I turned up at the old apartment complex at 11 AM, with a slight sense of apprehension and self-doubt, that usually comes before my first encounter with a person of his stature.

We sat in his drawing room with a table full of books that he had taken out for me to take back and read.

Hemalatha, his wife, sat across from us, watching intently and curiously, but since our conversation was primarily in English, she spoke very little. VV spoke in a soft but determined tone. His mastery over the language was a true testament to the great college lecturer he had been in Warangal, where he had taught Telugu language and literature.

His speech was interspersed with poetry and history, and he would often quote Marx, Thompson, Marquez, and even the Mahabharata with such familiarity that I was sure he knew the texts and their authors intimately.

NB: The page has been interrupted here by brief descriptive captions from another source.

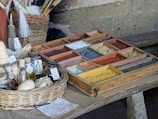 A rustic table holds a wooden tray filled with a variety of colorful pigments in small sections. To the side, there is a wicker basket containing brushes. Several small bottles and jars, some with handwritten labels, are placed on the table, along with a garlic bulb and a small white ball. The setting suggests an artisanal or historical context, possibly for crafting or painting.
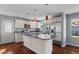 Stylish kitchen featuring granite countertops, stainless steel appliances, a center island, and ample cabinet space at 2409 E Hampton Ave, Mesa, AZ 85204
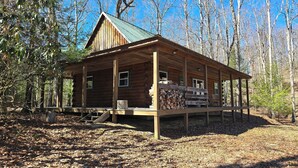 Eine rustikale Holzhütte mit Veranda und einem Holzstoß davor.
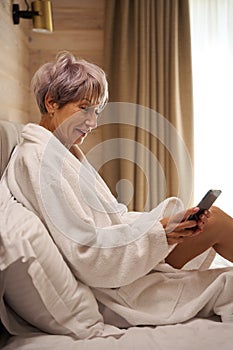 Happy pensioner in bathrobe sits in bed with mobile phone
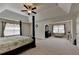 Large primary bedroom with a decorative tray ceiling, ceiling fan, and sitting area for relaxation at 1200 Bar Harbor Pl, Lawrenceville, GA 30044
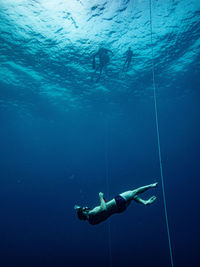 Shirtless man swimming in sea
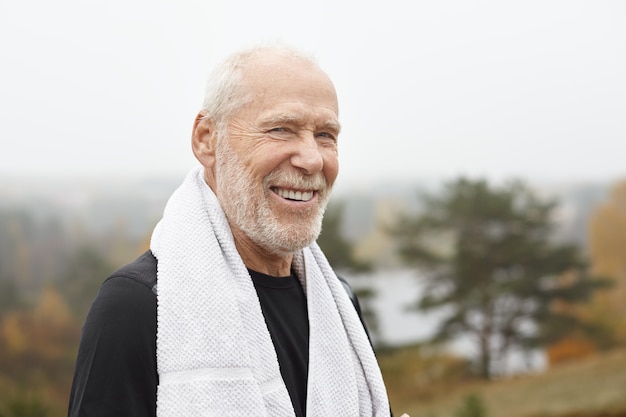 Expressive senior man posing outdoor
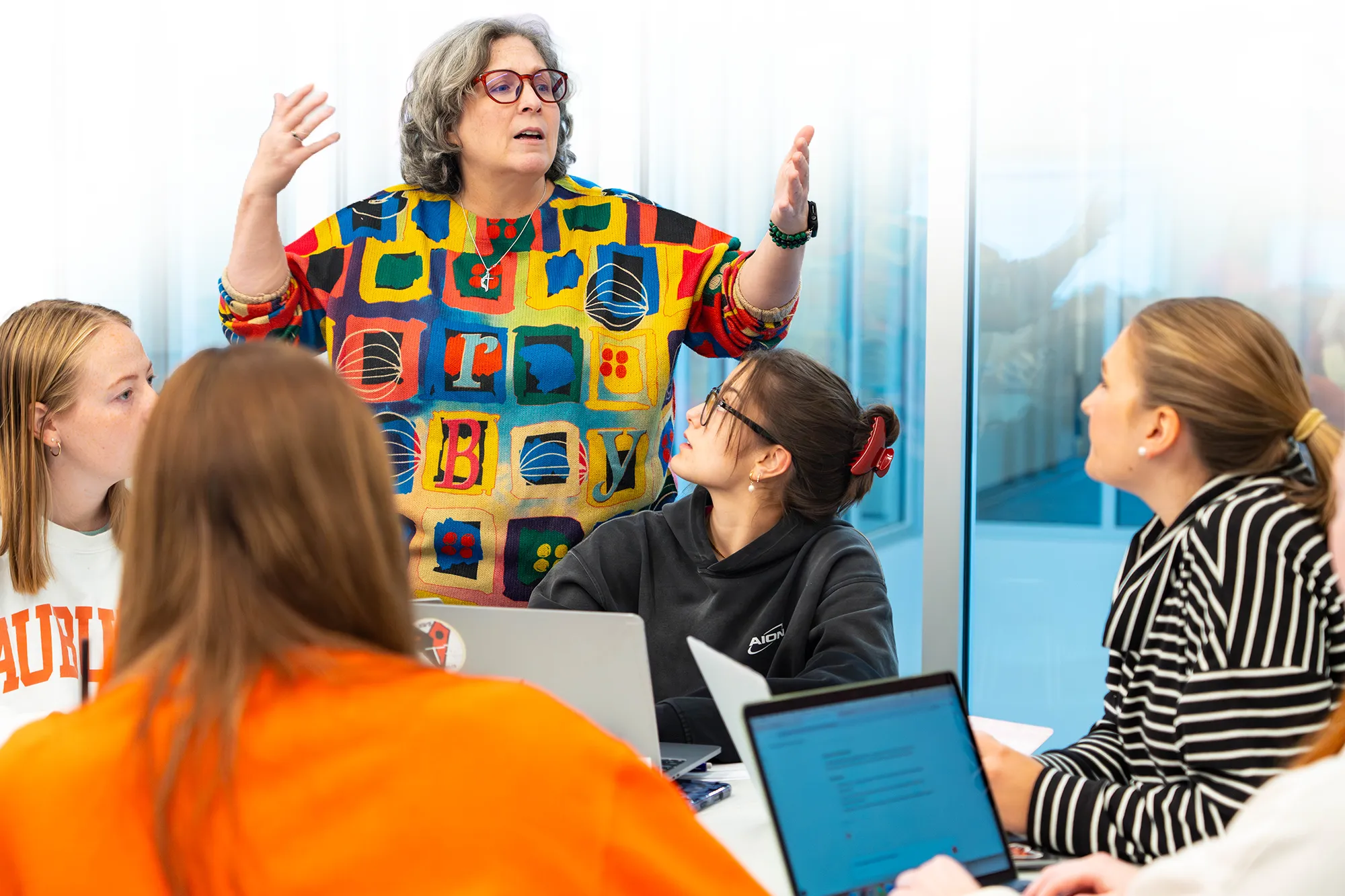Dr. Burton gestures while speaking to students gathered around a table with open laptops during class discussion.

What started as a discussion on various people’s struggles across Telangana soon turned into a conversation about life and all its many tragedies and wonders – particularly violence as a philosophy, and the persecutions he faced.

Snapshot
  • Varavara Rao’s speech was interspersed with poetry and history, and he would often quote Marx, Thompson, Marquez, and even the Mahabharata.
  • Varavara Rao is no stranger to violence.
  • Over the years, Varavara Rao’s life has been at risk from a range of organisations, whether State-backed anti-Maoist para-forces or the right-wing.
  • The poet-activist moved homes twice, first from Warangal to Hyderabad, and then later out of Telangana, due to numerous death threats.
  • “Violence is the characteristic of an uneven society... The State has all kinds of state machineries and capital at its disposal to practice violence, whereas I have nothing... How can my resistance then be termed as violence?” –– Varavara Rao to Zeena Oberoi for The Quint.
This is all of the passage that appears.